# Hello, I am just starting...



## bogdan.m (Nov 5, 2016)

Hello, i am just starting with this hobby, and i would like to get some tips for better photography. I will post some photos i did and i will wait for you to criticize them, good and bad ideas are all welcome 
link


----------



## photo1x1.com (Nov 5, 2016)

Hi there, welcome to the forum. 
It´s hard to give any tips when you are just starting out. One thing looking at the images you posted would be: from a series of images, only publish your very best pictures. That will quickly make you a better photographer in the eyes of the people that look at your portfolio. Having one or two sunset shots sure would be enough to begin with.
Two of the sunset shots are nice. Did you know that you get that star effect on the sun, by closing the aperture?
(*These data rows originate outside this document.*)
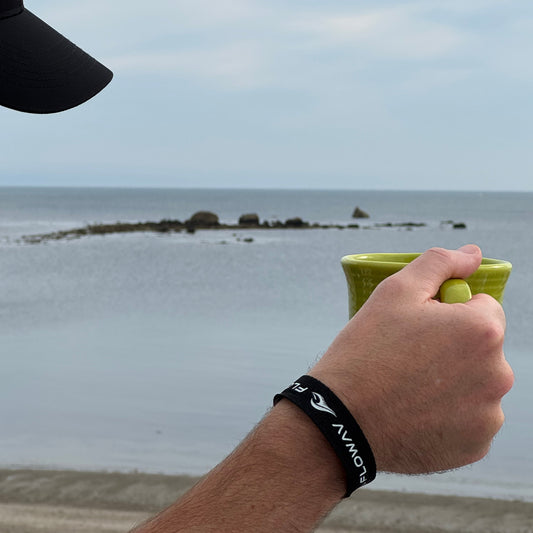 A person outdoors by the ocean water holding a lime green mug, wearing a black cloth wristband with white FLOWAV text and wave logo. The background shows a calm sea and cloudy sky.
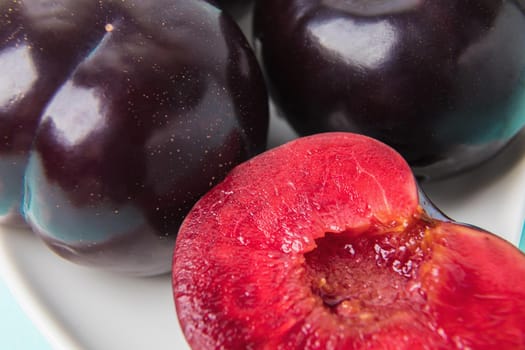 On a white saucer is a large plum, cut in half, and next to it is a whole plum. The pulp of red berries. Close-up.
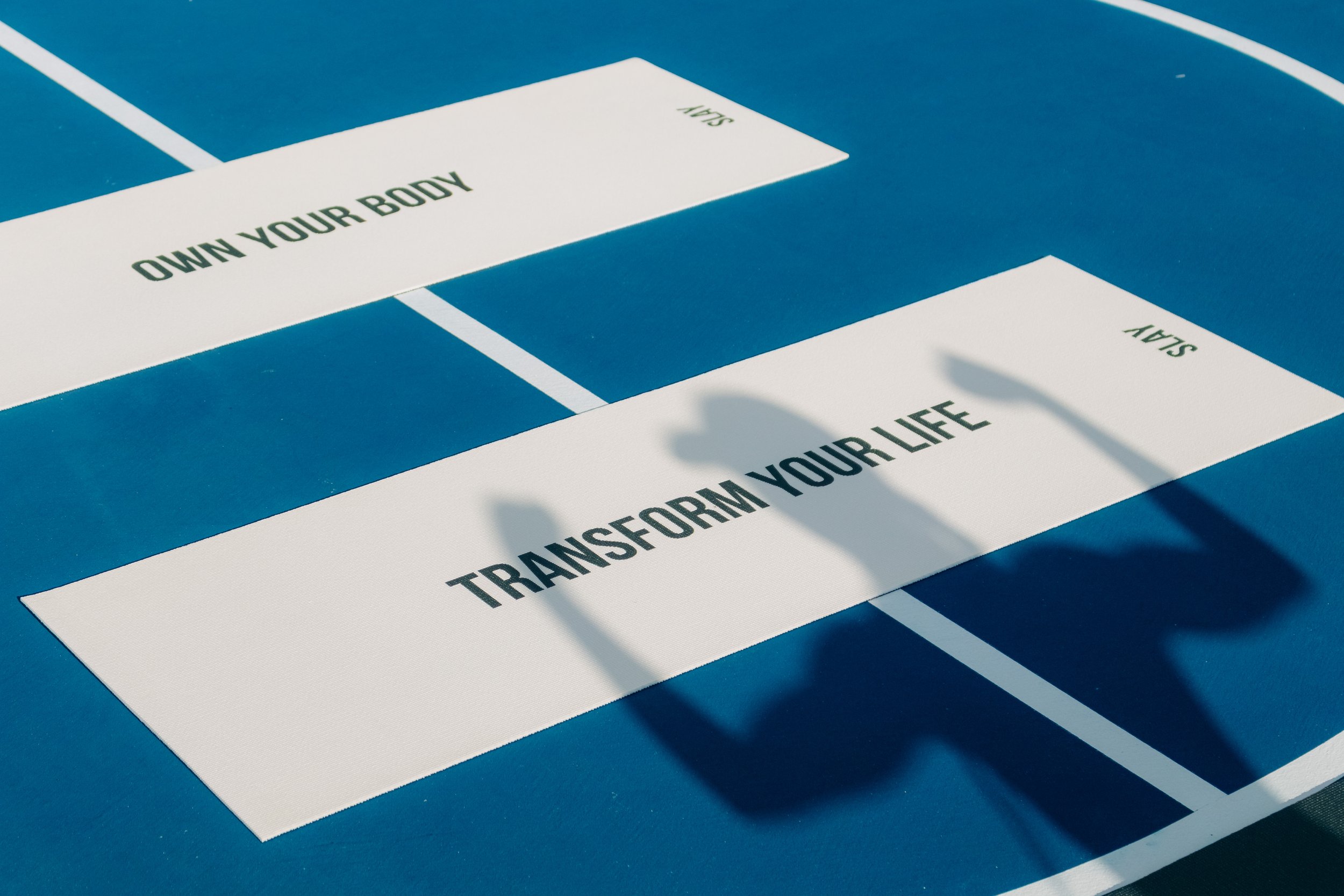 A blue life-size game board with white spaces labeled "Own Your Body" and "Transform Your Life" in black text.
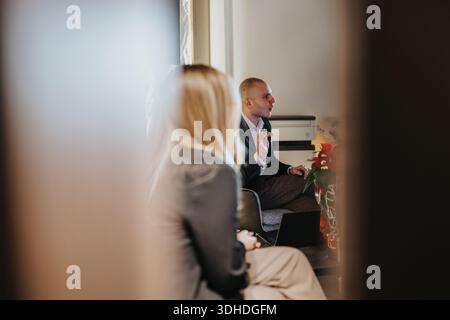 Professional man in a suit speaks during a business meeting in a modern office Stock Photo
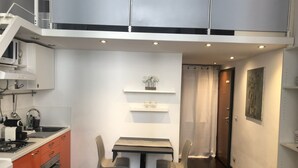 Una cucina compatta con un tavolo e sedie, un forno a microonde e un piano cottura.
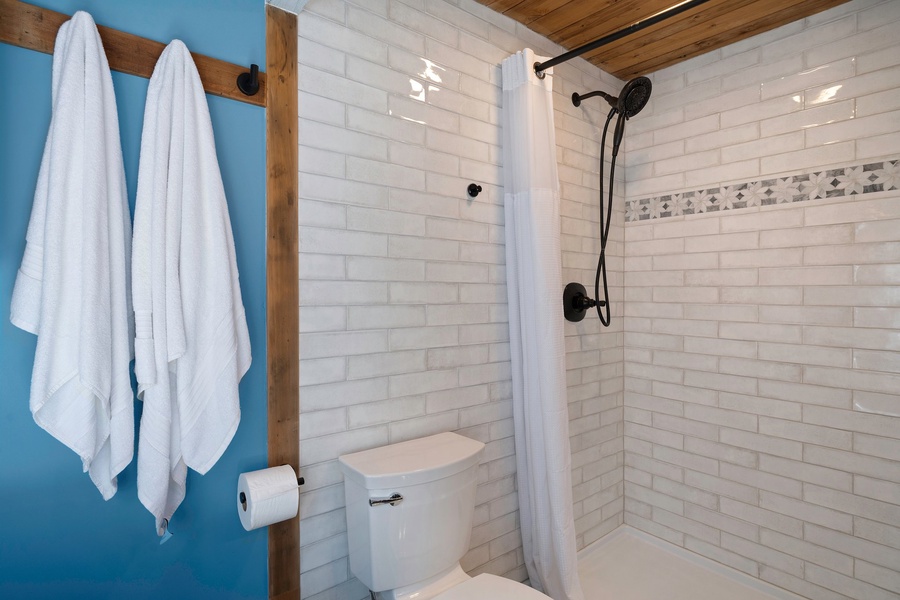 Clean, modern tile and dark fixtures create a spa-like shower experience for guests to unwind.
That brings us to one of the key components of photography, the aperture. Learn the basics how aperture, shutter speed and focal length can change the look of your images. That way you will learn how to take sharp images whether your object is moving or not, how to blur the background in shots with people like your kids, etc. etc..
To chose one image to critic: autumn leaves:

nice perspective - to create interesting images, it is always great to shoot from angles that are not so common, well done.
try to get the horizon level whenever you can, OR get it extremely out of the level to not make it look as if it was done by accident (you probably looked at the (church?) tower to the left, but shooting up on a building results in distorted perspectives - always try to look at the horizon instead).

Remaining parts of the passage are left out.